Siamo nel 1948, con la Seconda guerra mondiale finita da pochi anni e la guerra fredda in arrivo anche in quella parte del mondo, congelando la collaborazione fra i partiti dei due schieramenti. In Cile il governo di Gabriel Gonzalez Videla, eletto grazie ai voti della sinistra, ha scelto di assecondare la politica statunitense e di condannare il comunismo alla clandestinità. Pablo Neruda era già il poeta nazionale, dal carisma ammaliatore di un “gigante depravato”, e da qualche tempo anche un senatore comunista naturalmente apertamente critico nei confronti del presidente Videla, tanto che quest’ultimo ne chiede la destituzione incaricando un improbabile ispettore di arrestarlo.

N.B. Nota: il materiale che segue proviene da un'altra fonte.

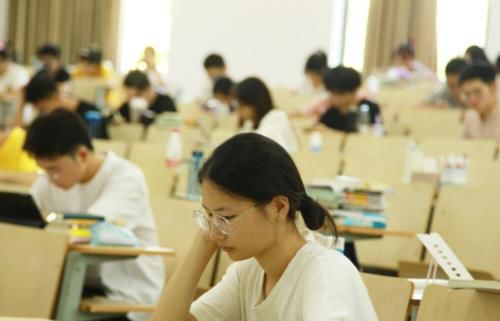 目前国内“最高层次”的学历是什么？多数人回答博士后，却不正确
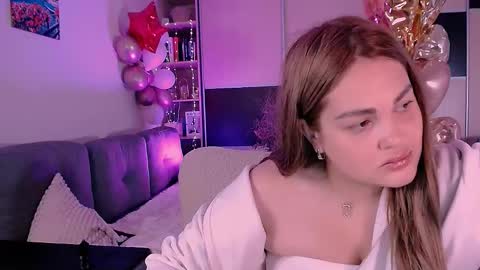 libra_mia online show from October 26, 4:40 am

Il film è il racconto di questo inseguirsi di due persone che sempre di più scopriremo dipendenti una dall’altra, fino a sovrapporsi come le due anime di Neruda, quella politica impegnata attivamente e quella artistica, i due possibili sviluppi di un Paese che ancora sognava un futuro, trovandosi di fronte al bivio fra ordine e ideologia comunista.

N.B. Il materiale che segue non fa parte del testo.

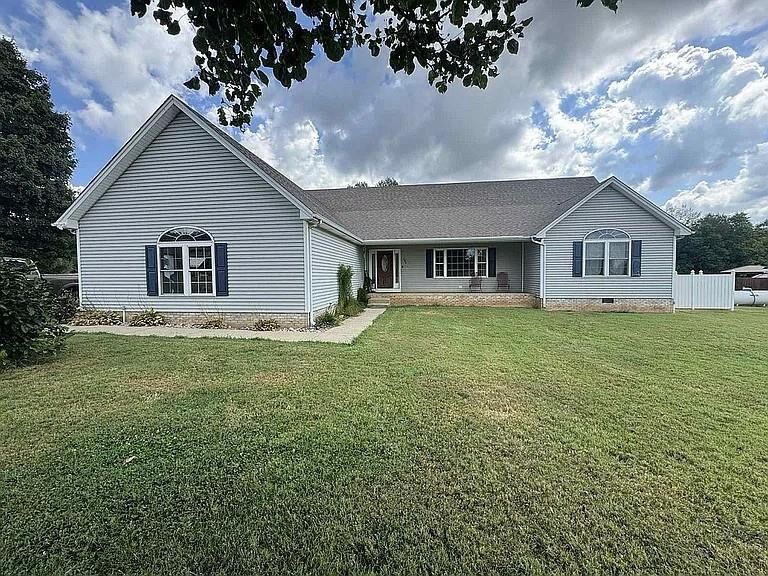 Property Photo:  290 Bob Lewis Road  KY 42141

Come per Jackie, non siamo di fronte ad un biopic tradizionale, ma ad un viaggio post moderno che raccoglie la sfida di raccontare i momenti cruciali della storia del Cile. Anima e voce dello spirito identitario cileno, Pablo Neruda è come se ci accompagnasse con la sua poesia di ribellione e di intenso amore per la vita nelle vicende tragiche - future per lui ma passate per Larrain e chi guarda il film - di un popolo glorioso e insieme macchiato dall'infamia.